If you’ve dreamt about having a place where “everybody knows your name,” be prepared. The journey to bar ownership can be a long one. It requires more careful planning and preparation than most businesses. After all, you’re hoping to sell a tightly regulated substance profitably. Still, most successful bar owners can’t imagine doing anything else. So, what do you need to know about opening a bar?
Don’t Fail To Plan
Because bar ownership is complex, you must plan carefully. Carefully map out the type of establishment you hope to run. Will it be a large nightclub? An intimate pub? Something in between? What type of seating will it have? What type of food? Will you have a signature cocktail? How many employees? A nightclub needs DJs, door people, servers, and a host of others, while a pub might only need a few bartenders and servers.
Write out everything you need. You may find inspiration in bars you visited overseas, ones you liked when you were younger, or Pinterest.
The New York City Department of Small Business Services (SBS) offers free business courses, including developing a business plan. You will also have a chance to meet with experienced bar owners who can offer their advice. SBS also improves your chances of getting financing. While this can be challenging for any new business, bars have specific risks.
Although it’s easier to operate as a sole proprietor, it’s also risky. You’ll be liable for anything that happens in your bar, from a slip and fall to an intoxicated guest causing an accident. A limited liability company (LLC) can protect your assets and is a fairly simple instrument. It also offers some unique tax advantages.

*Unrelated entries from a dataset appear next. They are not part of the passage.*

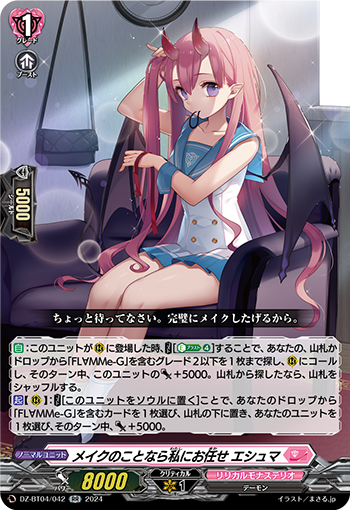 VG-DZ-BT04/042 RR メイクのことなら私にお任せ エシュマ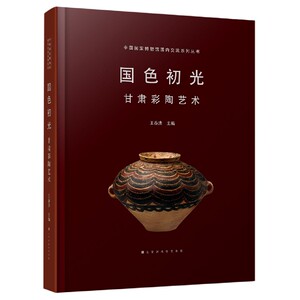 国色初光 甘肃彩陶艺术（国博国内交流系列）另荐 大唐风华商邑翼翼四方之极江汉汤汤大象中原古蜀华章秦汉文明海岱朝宗守望家园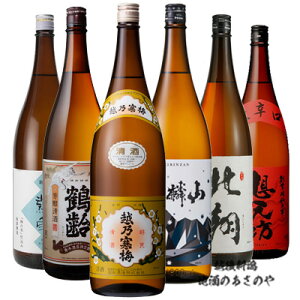 YDyݔ׃Zbgz1800ml×6{ { z̖ wzT~ x/F ʎ/k ʎ/zVV h/ߗ F/iَR hxv[g { Ε Ε 䒆  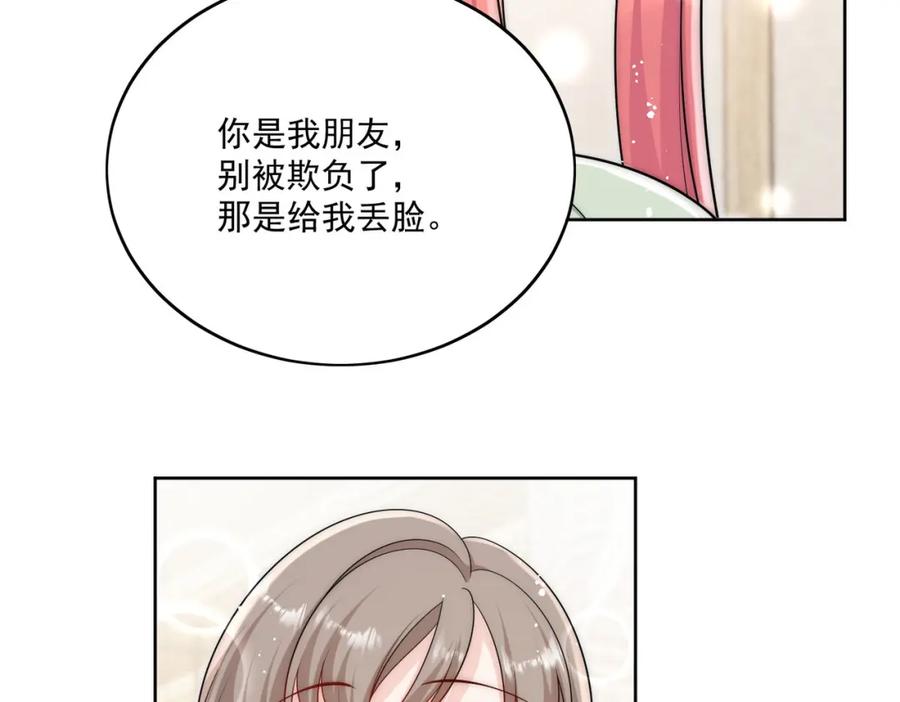 折腰 第48话厉总的解围 第8页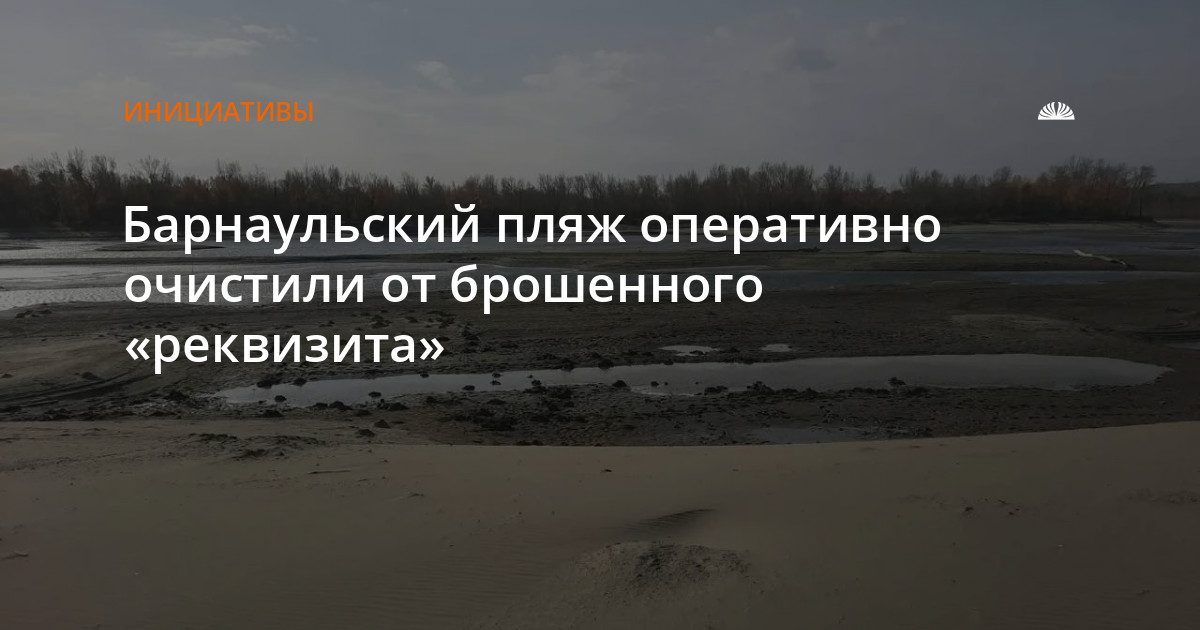 С барнаульского пляжа вывезли мешки с песком от аттракционов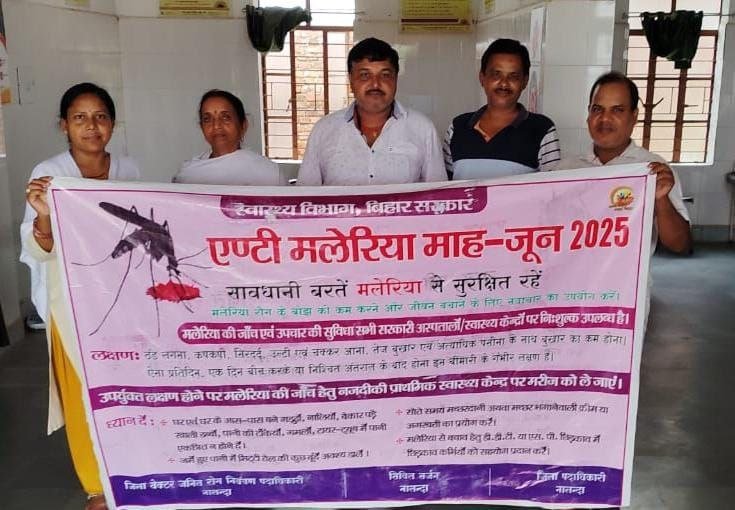 Awareness campaign in Sartha under Anti Malaria Month, important information given about prevention of malaria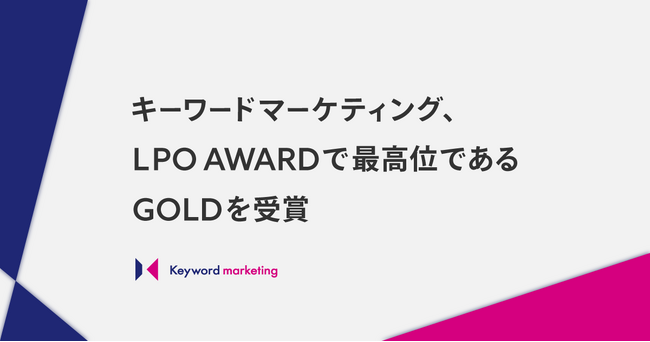 キーワードマーケティング、LPO AWARDで最高位であるGOLDを受賞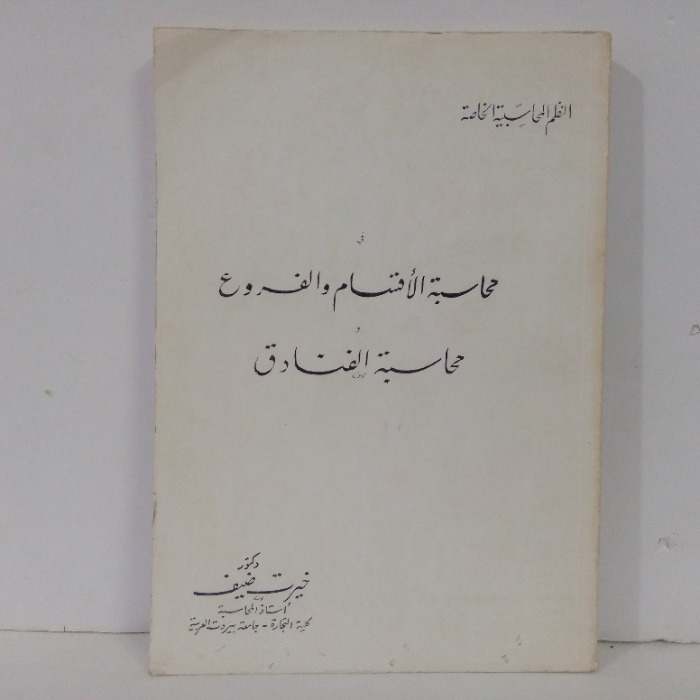 محاسبة الاقسام والفروع محاسبة الفنادق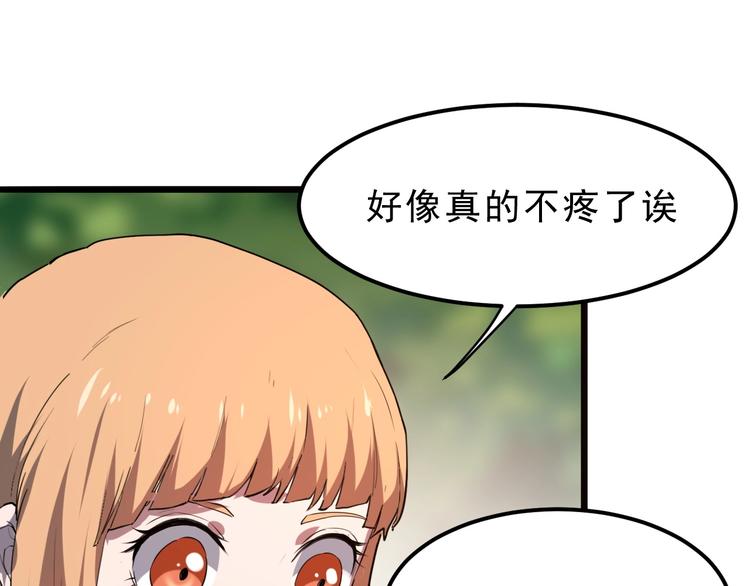 《我靠BUG上王者》漫画最新章节第6话 A级神装送妹子！免费下拉式在线观看章节第【89】张图片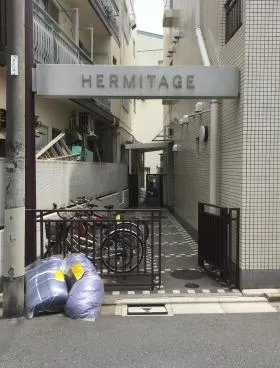 ハーミティジビルの外観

Once you’ve settled on a name, hire a graphic designer for the logo. You’ll want to retain copyright from the designer and apply for a trademark. You’ll probably want to hire an intellectual property attorney. You may want to put this logo on everything from cocktail napkins to T-shirts (in some bars, merchandise is a significant part of their revenue.)
It’s never too soon to think about marketing. Relying on word of mouth and walk-ins is a recipe for failure. Start building your social media presence early. Although advertising can be costly, some bar owners feel it is vital to their growth.
“Location isn’t everything; it’s the only thing” might be a slight exaggeration. Still, the location may determine your clientele if many of your customers live nearby. You should know how upscale your bar will be and its unique elements, which will also help determine location. Do you need a space with parking, room for tables, proximity to a freeway exit? Keep in mind your projected costs for rent and utilities, along with zoning issues. Take your time to find the best location.
You will need several certificates, permits, and a business license. There are so many that New York City’s Step-by-Step Wizard, which offers small businesses a customized list of applicable licenses and permits (along with State and Federal licenses), takes ten minutes to navigate. Still, if you are opening a bar, you need to get a liquor license. Nothing is as vital. After all, if you can’t sell booze, you don’t have a business.
Although many owners handle the paperwork themselves, hiring an attorney can help you avoid mistakes that could delay your opening, thus costing you more than their fees. You’ll also need to schedule pre-opening inspections, while your employees will need to have certain certifications as well. When it’s all finished, raise a glass and offer a toast –– to yourself!